Jallikattu or Eruthazhuvuthal or Manju Virattu is a bull taming sport played in Tamil Nadu as a part of Pongal celebrations usually on Mattu Pongal day. This is one of the oldest living ancient sports seen in the modern era. Although it sounds similar to the Spanish running of the bulls, it is quite different. In Jallikattu, the bull is not killed and the 'matadors' are not supposed to use any weapon. It is held in the villages of Tamil Nadu as a part of the village festival. The festivals are held from January to July, every year. Jallikattu's been played first in Palamedu,a village located near madurai on January 15 which was getting famous in recent years followed by the world-famous "Alanganallur-Jallikattu" in Alanganallur, another village near Madurai on 16 January. There is specific breed of cattle bred for this purpose which are called by two common name, Jellicut and from the place of a big breeder Pulikulam
Jallikattu, which is bull-baiting or bull fighting, is an ancient Tamilian tradition called Eruthazhuvuthal, popular amongst warriors during the Tamil classical period. According to legend, in olden days the game was used by women to choose their husbands. Successful "matadors" were chosen as grooms.
The term Jallikattu comes from the term Salli Kaasu (coins) and Kattu (meaning a package) tied to the horns of the bulls as the prize money. Later days during the colonial period this term got changed to Jallikattu which is the term currently used. It is said that the Tamil people hold on to their tradition forever. It is interesting to note that there is a seal from the Indus Valley Civilization depicting the sport. It is currently preserved in the Delhi museum.
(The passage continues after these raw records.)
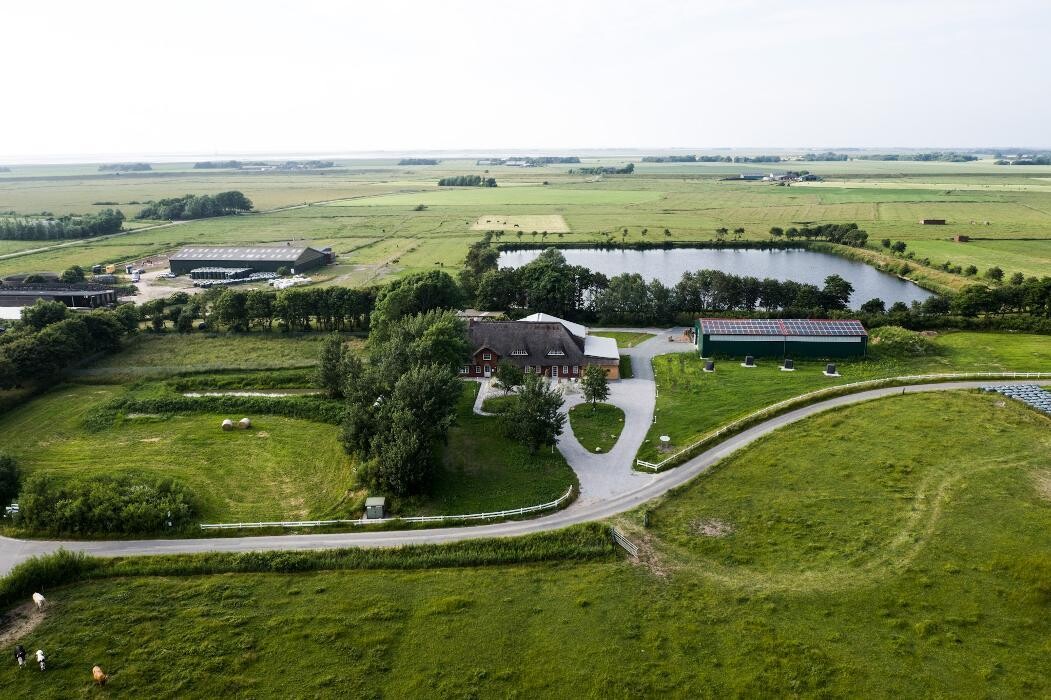 Bilder Nordsee-Urlaubszeit Appartementvermittlung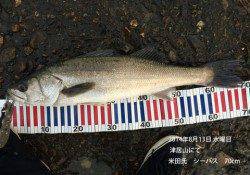 津居山にて70cmのシーバス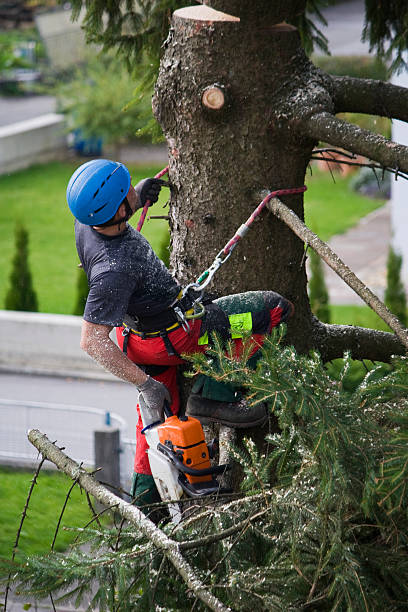 Best Stump Grinding and Removal  in Coweta, OK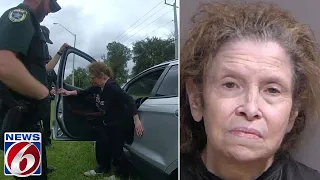 Woman arrested following Flagler hit-and-run where victim clung to hood of moving car
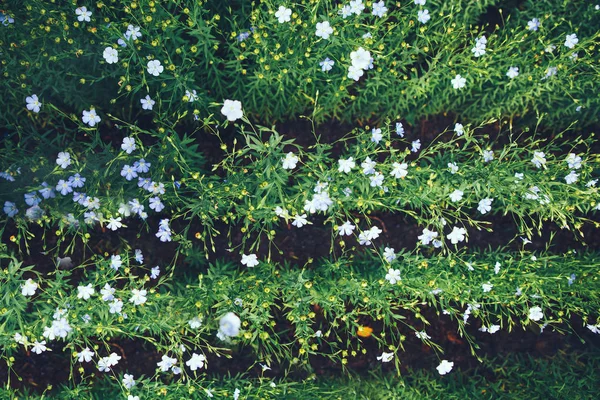 Linho em flor. Um campo com sulcos. O conceito de agricultura ecológica — Fotografia de Stock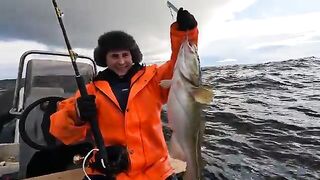 Пилкер 400 г и треска - рыбалка на Баренцевом море
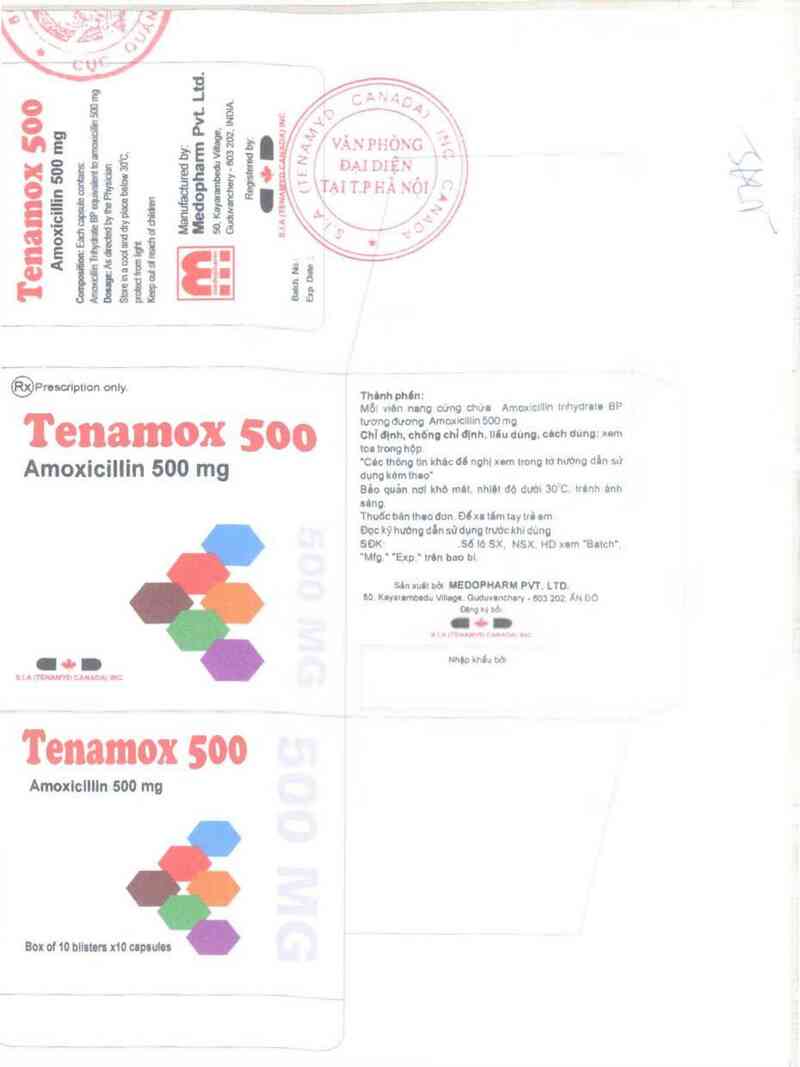 thông tin, cách dùng, giá thuốc Tenamox 500 - ảnh 1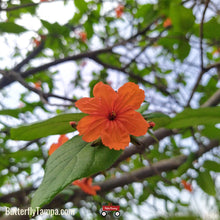 Load image into Gallery viewer, Orange Geiger - Cordea sebestena (3 Gal.)
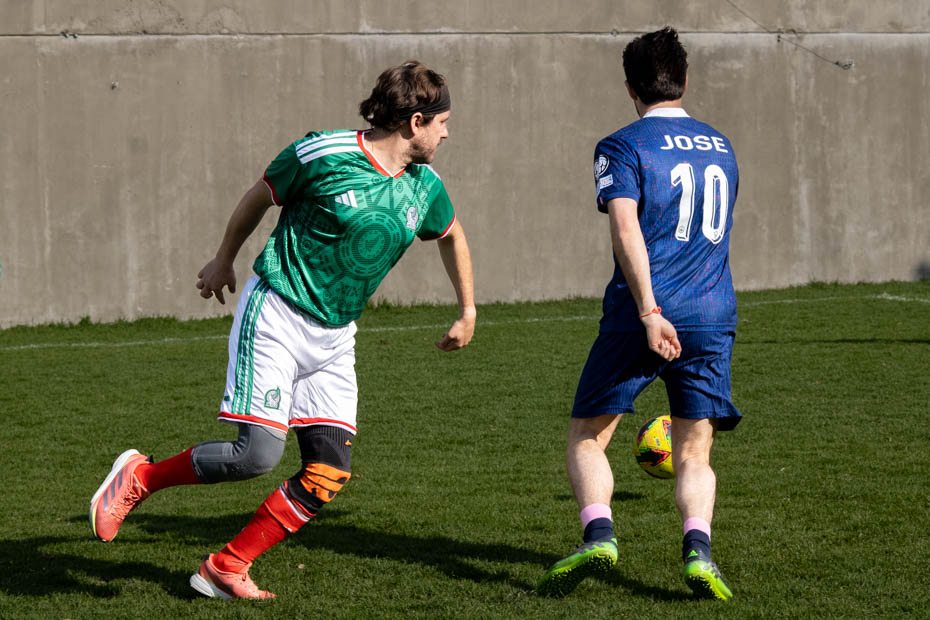 Ir a la Siguiente Foto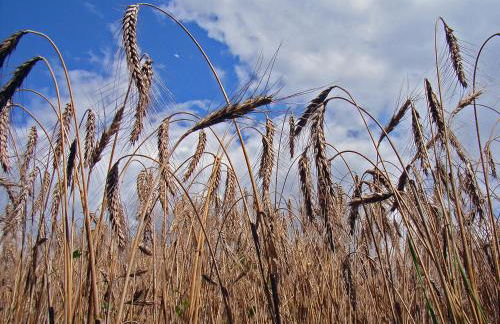 Haus Saskia - Foto 3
There are three versions of jallikattu:
Vadi manju virattu - This version takes place mostly in the districts of Madurai, Pudukkottai, Theni, Thanjavur, Salem. This version that has been popularised by television and movies involves the bull being released from an enclosure with an opening. As the bull comes out of the enclosure, one person clings to the hump of the bull. The bull in its attempt to shake him off will bolt (as in most cases), but some will hook the guy with their horns and throw him off. The rules specify that the person has to hold on to the running bull for a predetermined distance to win the prize. Only one person is supposed to attempt catching the bull, but this rule being strictly enforced depends on the village where the event is conducted and more importantly, the bull himself. Some bulls acquire a reputation and that alone is enough for them to be given an unhindered passage out of the enclosure and arena.
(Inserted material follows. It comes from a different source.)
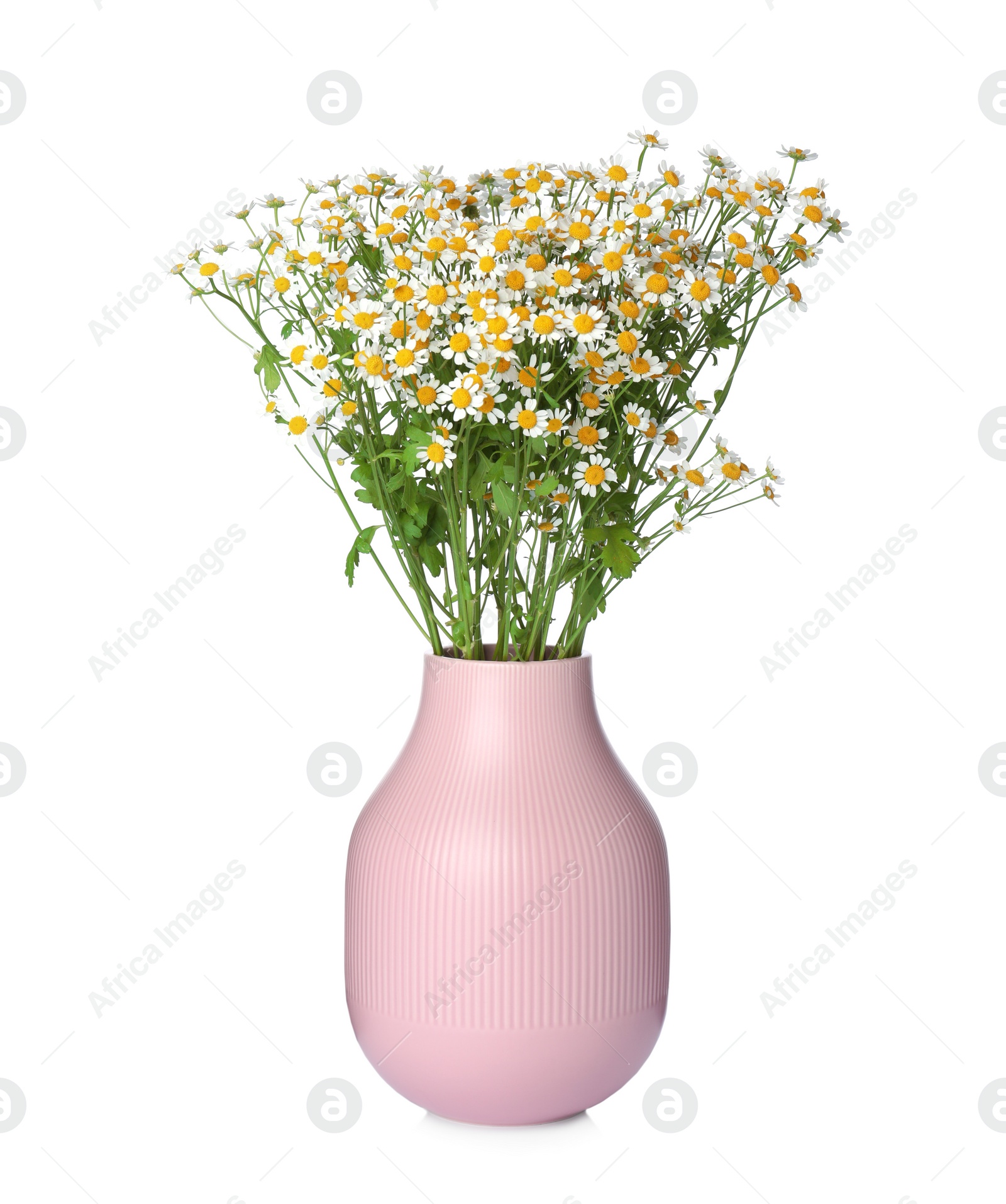 Photo of Pink vase with beautiful chamomile flowers isolated on white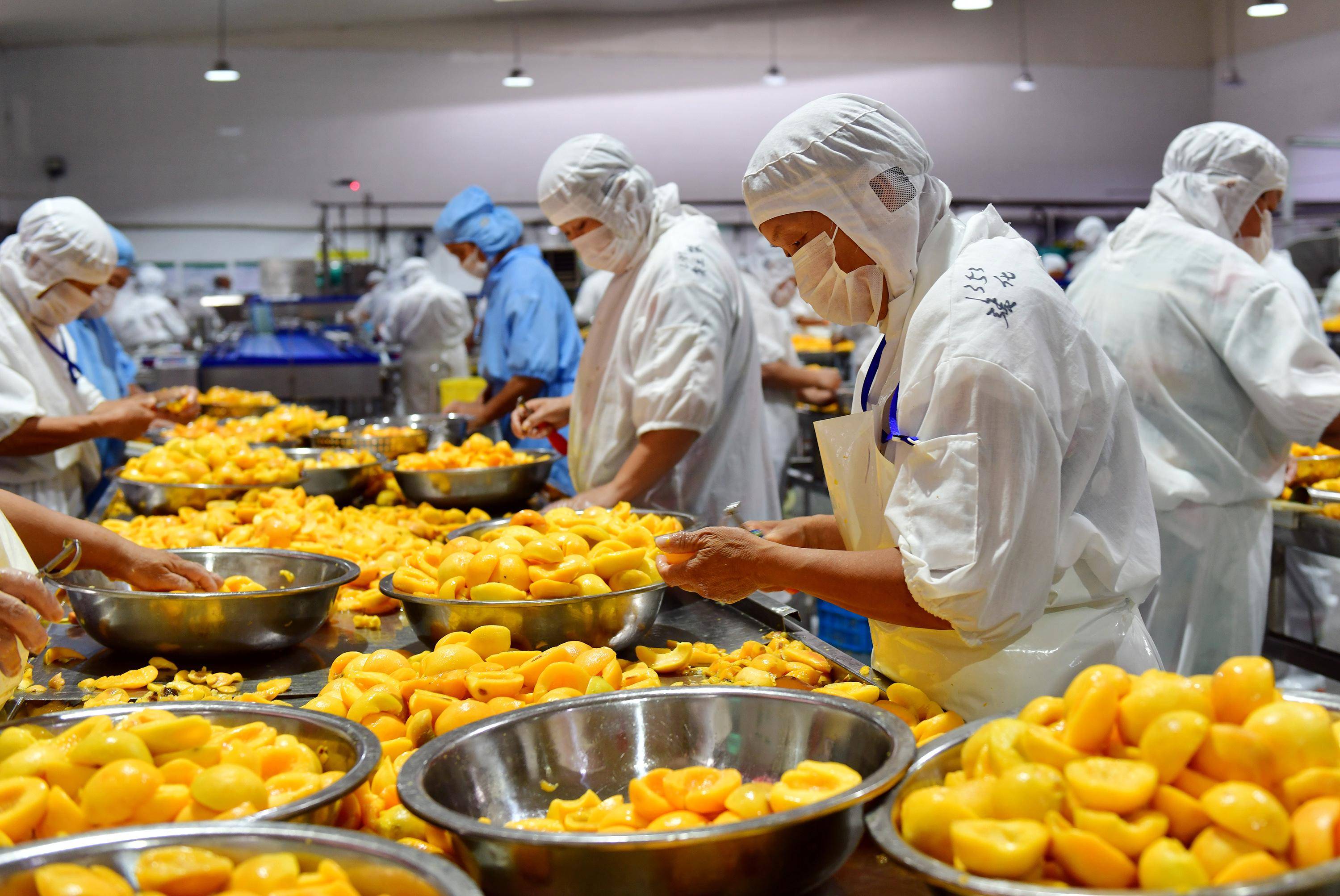 ISO 22000食品安全管理体系认证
Vaeli virattu - This version is more popular in the districts of Sivagangai, and Madurai. The bull is released in an open ground. This version is the most natural as the bulls are not restricted in any way (no rope or determined path). The bulls once released just run away from the field in any direction that they prefer. Most don't even come close to any human, but there are a few bulls that don't run but stand their ground and attack anyone who tries to come near them. These bulls will "play" for some time (from a few minutes to a couple of hours) providing a spectacle for viewers, players and owners alike.
Vadam manjuvirattu - "vadam" means rope in Tamil. The bull is tied to a 50-foot-long rope (15 m) and is free to move within this space. A team of 7 or 9 members must attempt to subdue the bull within 30 minutes. This version is very safe for spectators as the bull is tied and the spectators are shielded by barricades.